Exercise prompt >> Extract precisely the lines that run from the line containing "Monogram Locky BB Rose 21 cm" to the end of the records below, with both ends included and pictures omitted.

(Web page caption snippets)
++++
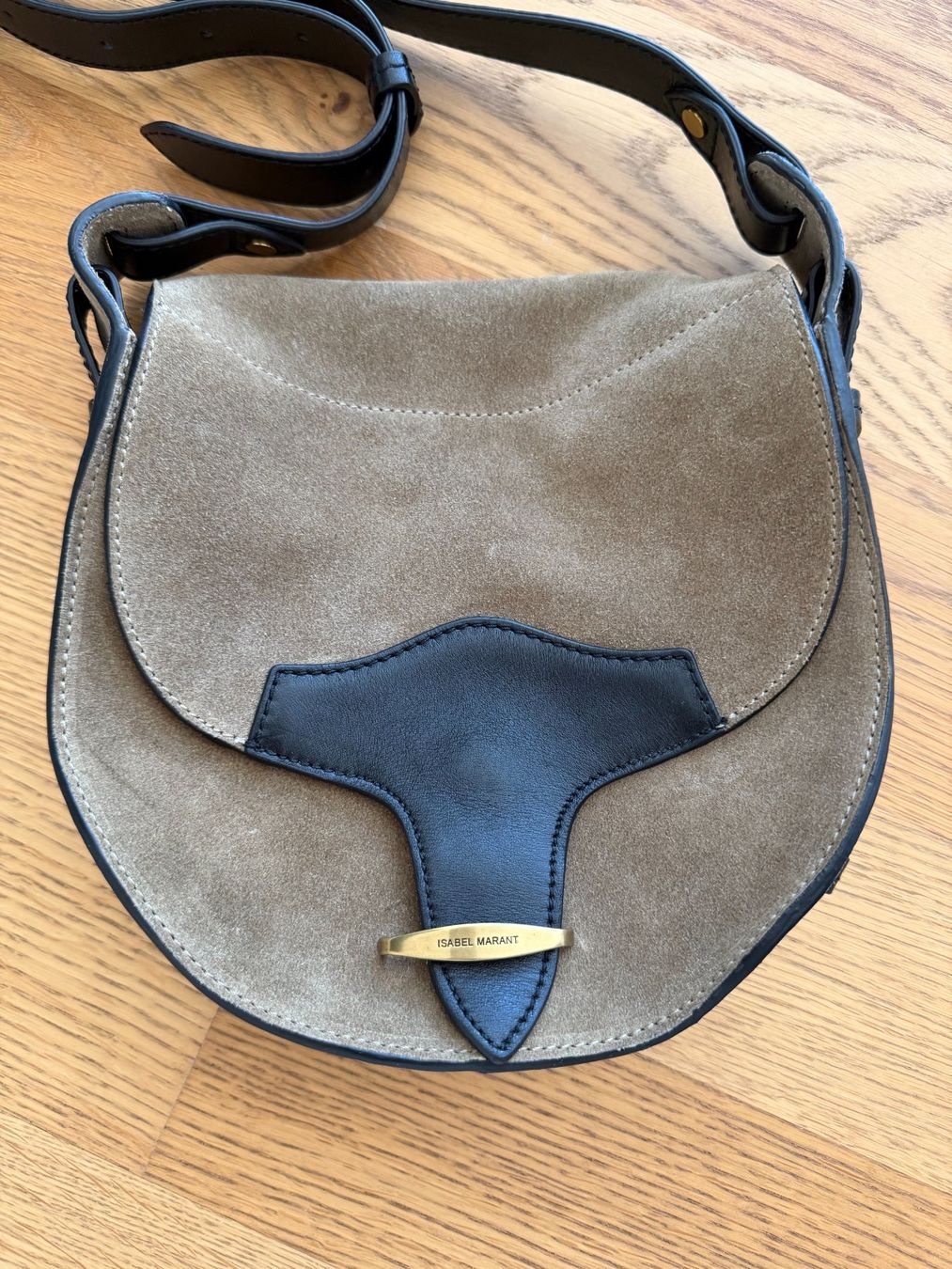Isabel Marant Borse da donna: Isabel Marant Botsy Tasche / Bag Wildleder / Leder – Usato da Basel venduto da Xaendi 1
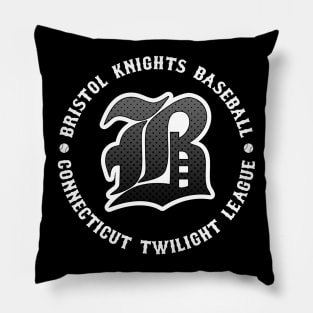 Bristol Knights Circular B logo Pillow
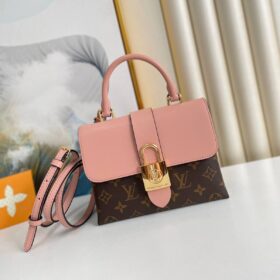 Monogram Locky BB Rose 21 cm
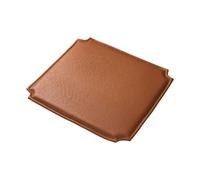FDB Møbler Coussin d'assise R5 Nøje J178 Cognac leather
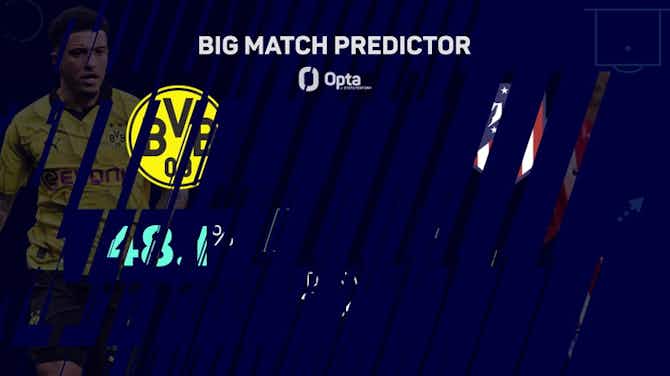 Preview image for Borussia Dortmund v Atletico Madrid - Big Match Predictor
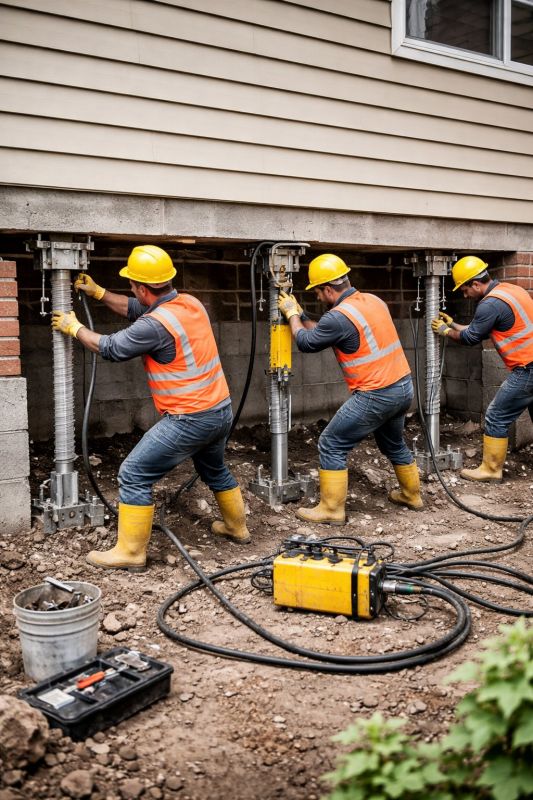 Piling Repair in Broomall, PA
++++
Response to this task >>
 Monogram Locky BB Rose 21 cm
FDB Møbler Coussin d'assise R5 Nøje J178 Cognac leather
 Preview image for Borussia Dortmund v Atletico Madrid - Big Match Predictor
 Piling Repair in Broomall, PA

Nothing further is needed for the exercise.